If Christianity leads to an increase in compassion, we ought to see that states that have more Christians – and fewer atheists who reject belief in God – provide greater funding for services to people who have mental health problems. Mental illness isn’t something that people can be plausibly blamed for. People often claim that people wouldn’t be poor if they just tried harder, but few people assert that mental illness is just a luxury for the lazy. It’s widely recognized that people with mental health problems need help. Furthermore, the prevalence of mental illness is roughly equivalent from state to state. So, if a state is providing greater per capita funding for assistance to the mentally ill than its neighbors, it probably isn’t because there are more mentally ill people in that state. It’s because the state is showing more compassion for its citizens who are in need.
The chart below shows what these two sets of data look like when they are combined. Each dot represents one of the 50 states, and there’s an extra dot for the District of Columbia. The placement of each dot on vertical axis shows the percentage of people in each state that don’t believe in God.

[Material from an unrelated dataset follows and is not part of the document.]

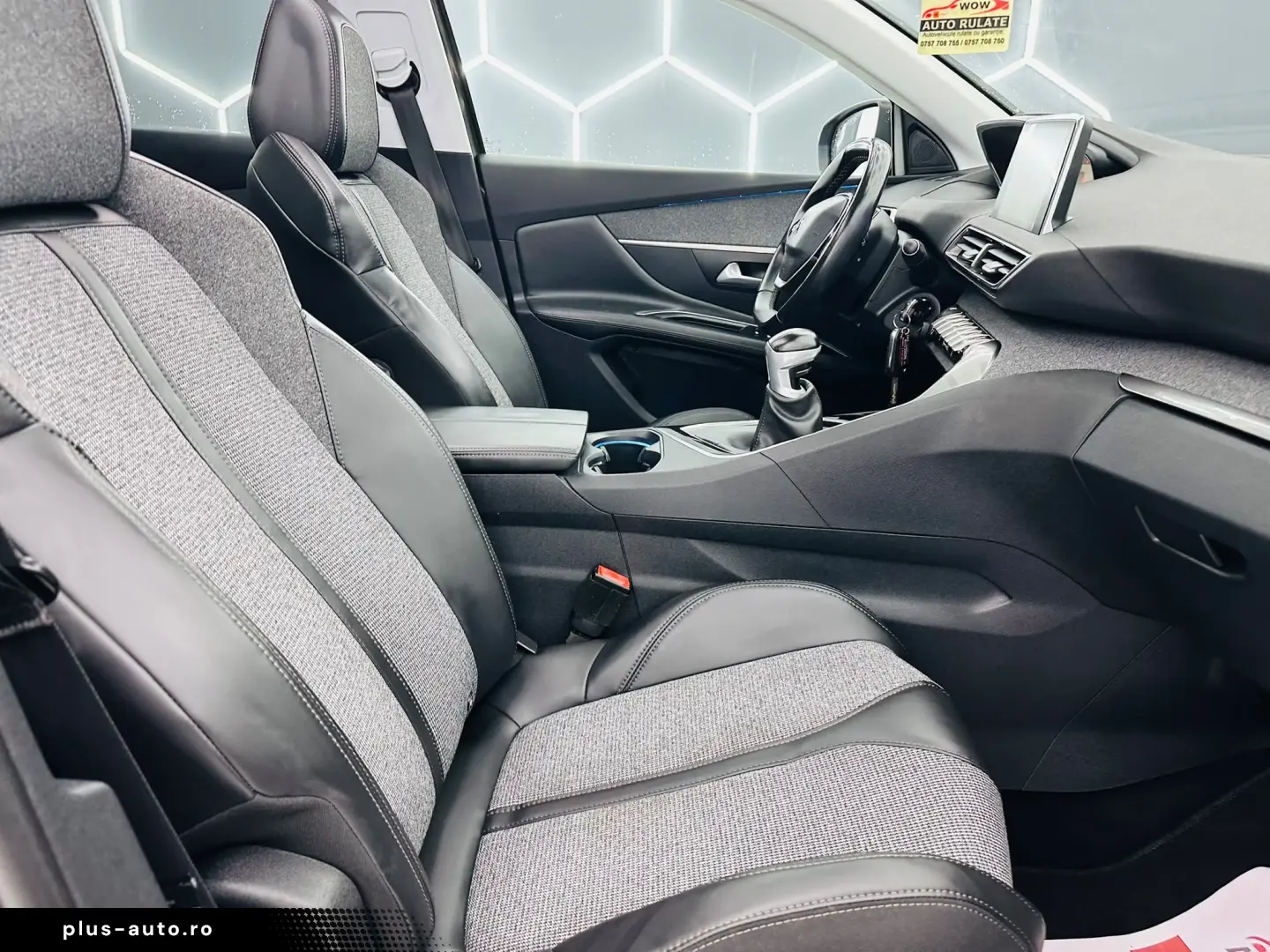 PEUGEOT 3008 2017 2.0D E6 Garantie 12 Luni Rate Avans 0 Doar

The placement of each dot on the horizontal axis shows the amount of annual spending per capita on mental health services in each state. Measuring spending per capita eliminates the skew created by big mental health budgets in states with big populations.

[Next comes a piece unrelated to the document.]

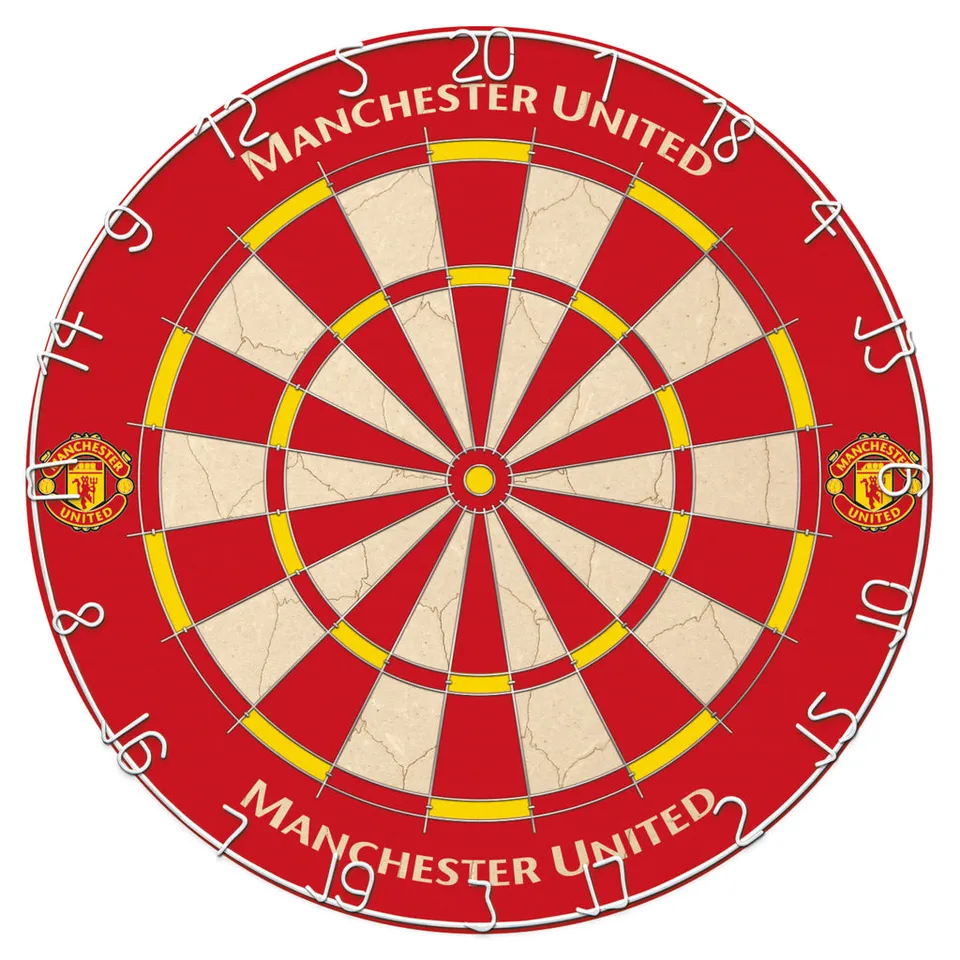 red-dragon-darts-cible-de-fl-chettes-manchester-united-football-club image 1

The pink line on the chart is the best fit line, showing the statistically-calculated relationship between the two variables. The line shows what the scatterplot of dots suggests: States that have larger portions of their populations that do not believe in God tend to show more compassion to their mentally ill citizens than states with higher rates of religiosity. All of the states that spend more on mental health services have a higher than average population of atheists.
This data doesn’t provide a replication of the study recently published in Current Biology. Instead, it looks at the larger question in a different way. The overall conclusion from these different sources is the same: Despite the bragging Christians do about their moral superiority, Christianity isn’t associated with a higher practice of compassion.